REPUBLIKA.CO.ID, INDRAMAYU – Rajungan kini benar-benar menjepit para nelayan tradisional. Terhambatnya ekspor telah membuat harga komoditas tersebut anjlok di tengah pasaran lokal. Dalam kondisi normal, harga rajungan di kisaran Rp 140 ribu per kilogram.
Dari nelayan, komoditas tersebut kebanyakan ditampung oleh pengepul, untuk selanjutnya dikirim ke pabrik untuk diekspor. Namun pascalebaran Idul Fitri, harga rajungan tiba-tiba anjlok.
Seperti di wilayah Kecamatan Patrol, Kabupaten Indramayu, harganya mencapai titik nadir, di kisaran Rp 40 ribu per kilogram. Sedangkan rajungan hasil sortir dengan ukuran yang besar, dihargai Rp 60 ribu per kilogram.
Ketua TPI Sukahaji, Kecamatan Patrol, Kabupaten Indramayu, Thamrin, mengatakan, anjloknya harga rajungan karena terhambatnya ekspor. Biasanya, rajungan hasil tangkapan nelayan Desa Sukahaji dan Desa Bugel, Kecamatan Patrol, diekspor ke Amerika dan beberapa negara di Eropa.
Proses ekspor itu dilakukan melalui pengepul/agen, yang diteruskan ke pabrik. Namun sejak bulan lalu, ekspor ke luar negeri terhenti. Para eksportir akhirnya tak lagi menerima pasokan rajungan dari nelayan.
Sementara di sisi lain, produksi rajungan hasil tangkapan nelayan sedang tinggi hingga stok pun melimpah. Rajungan akhirnya dilempar ke pasaran lokal meski dengan harga yang tak sesuai harapan.
"Permintaan dari pasaran lokal memang naik, tapi tidak sebanyak untuk ekspor," kata Thamrin, Kamis (30/6).
Thamrin mengaku, belum mengetahui penyebab ekspor rajungan kini terhenti. Namun yang pasti, kondisi itu membuat nelayan rajungan terpuruk.
Tak sedikit nelayan rajungan yang akhirnya memilih tidak melaut karena hasil yang diperoleh tak sebanding dengan biaya operasional. Meski ada pula yang tetap melaut karena terdesak kebutuhan perut, walau dengan hasil yang pas-pasan.

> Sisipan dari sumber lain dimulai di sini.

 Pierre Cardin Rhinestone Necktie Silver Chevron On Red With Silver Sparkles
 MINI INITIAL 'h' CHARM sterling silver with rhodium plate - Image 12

Sekretaris Jendral Serikat Nelayan Indonesia (SNI) dan Koordinator Forum Komunikasi KUB Nelayan Rajungan Jawa Barat, Budi Laksana, mengungkapkan, anjloknya harga rajungan tidak hanya di Jawa Barat. Namun, juga terjadi di daerah-daerah lainnya di Indonesia.
"Dengan kondisi ini, banyak nelayan rajungan yang akhirnya memilih tidak melaut," kata Budi, kepada Republika, Kamis (30/6).

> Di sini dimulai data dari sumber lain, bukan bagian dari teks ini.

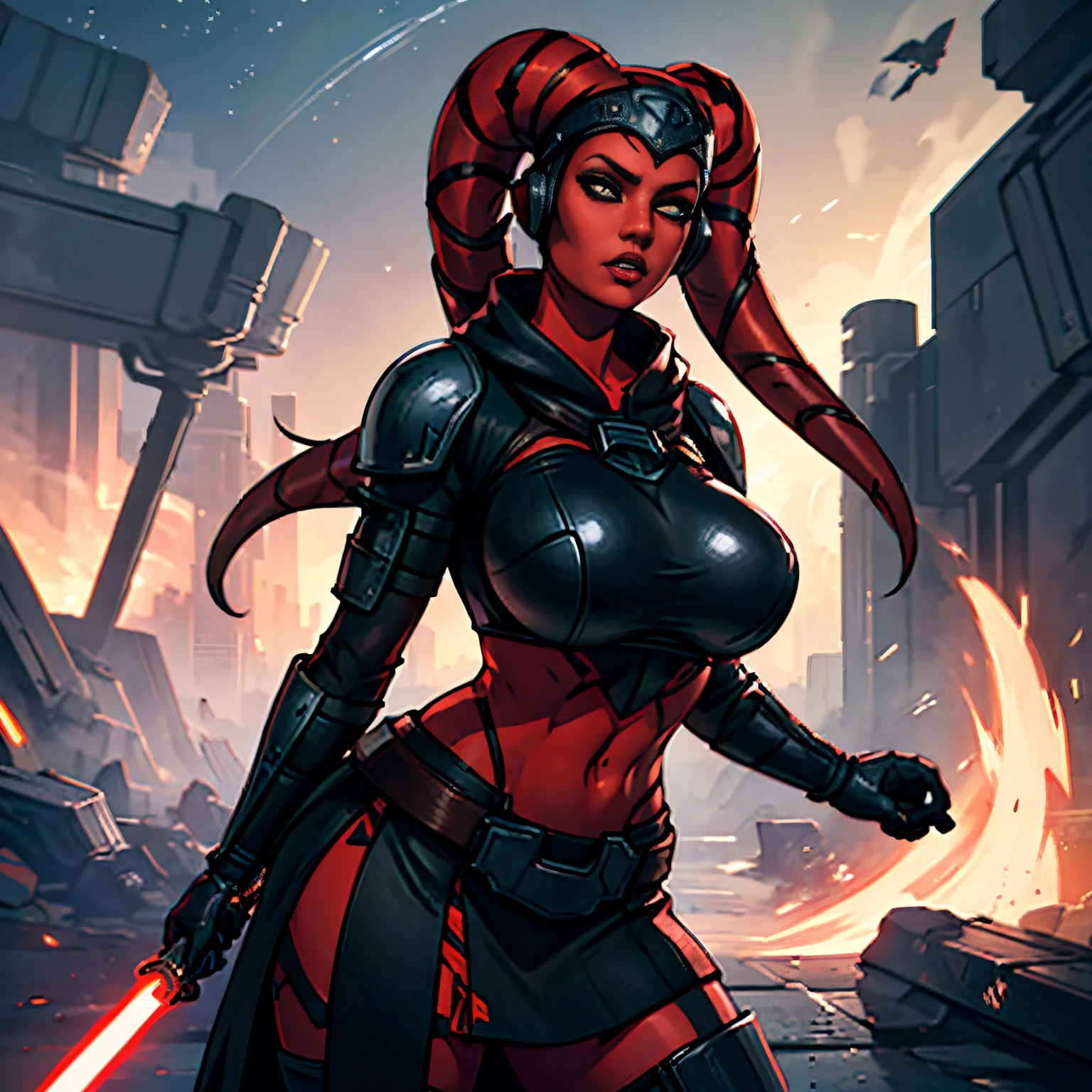 armor, busty, athletic, gigantic boobs, ((red skin), twi'lek), dual red lightsabers, evil space knight, space ninja, (wearing black robes, black stealth armor, breastplate, tunic, tabard, cowl, cloak, body glove, straps, buckles, skirts, long sleeves, fantasy, ((armor))), ((busty), slender body, thin, slim sexy body, slim waist, long legs, toned legs, (((top heavy, gigantic breasts)))), Imperial starship, Star Wars, action scene, fighting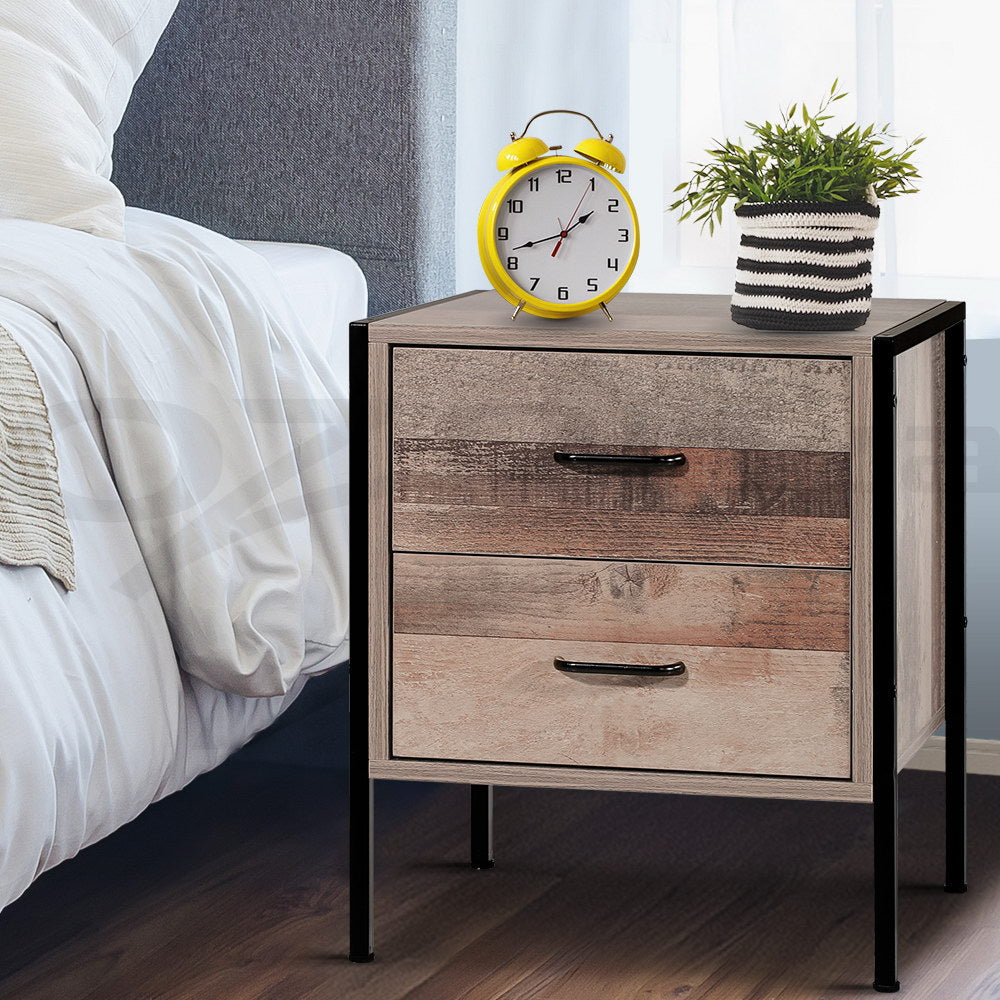 Artiss Bedside Table 2 Drawers - BARNLY 7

Budi menyebutkan, perkiraaan jumlah nelayan rajungan di Jawa Barat mencapai 19.515 orang. Yakni, terdiri dari nelayan jaring 12.962 orang dan nelayan bubu 6.553 orang. Total jumlah nelayan rajungan itu tersebar di sejumlah wilayah. Yaitu, Bekasi 1.138 orang, Karawang 4.201 orang, Indramayu 3.431 orang dan Cirebon 10.475 orang.
Setiap nelayan rajungan selaku pemilik kapal, memiliki anak buah kapal (ABK). Jika rata-rata satu kapal berisi lima ABK dan dikalikan dengan 19.515 kapal/nelayan pemilik kapal, maka ada sekitar 97.575 orang nelayan rajungan yang terdampak akibat rendahnya harga rajungan.
"Belum lagi dampak yang dialami tempat pengelolaan rajungan, yang rata-rata mempekerjakan 10 - 20 perempuan pengupas rajungan," ujar Budi.
Ketika ditanyakan mengenai penyebab jatuhnya harga rajungan, Budi menjelaskan, salah satunya akibat inflasi di Amerika Serikat. Selama ini, 80 persen ekspor rajungan dikirimkan ke Amerika Serikat.
Selain itu, anjloknya harga rajungan juga terdampak perang Rusia-Ukraina. "Kita juga lagi selidiki, apakah ada kemungkinan terhambatnya ekspor rajungan dari Indonesia itu karena ada rajungan dari negara lain yang diekspor ke sana (Amerika)?," ucap Budi.
Budi menyatakan, pemerintah perlu turun tangan mengatasi kondisi tersebut. Apalagi, rajungan merupakan penyumbang devisa terbesar sektor perikanan Indonesia, dengan nilai eksport US$ 367,5 (Rp 5,2 triliun). Pada periode hingga Oktober 2021, rajungan menempati urutan ketiga ekspor setelah udang (40 persen), tuna (13 persen) dan rajungan (11 persen).
"Jangan selalu menyebutkan rajungan penyumbang devisa negara, tapi saat rajungan harganya kritis, pemerintah lalai dan membiarkan," tandas Budi.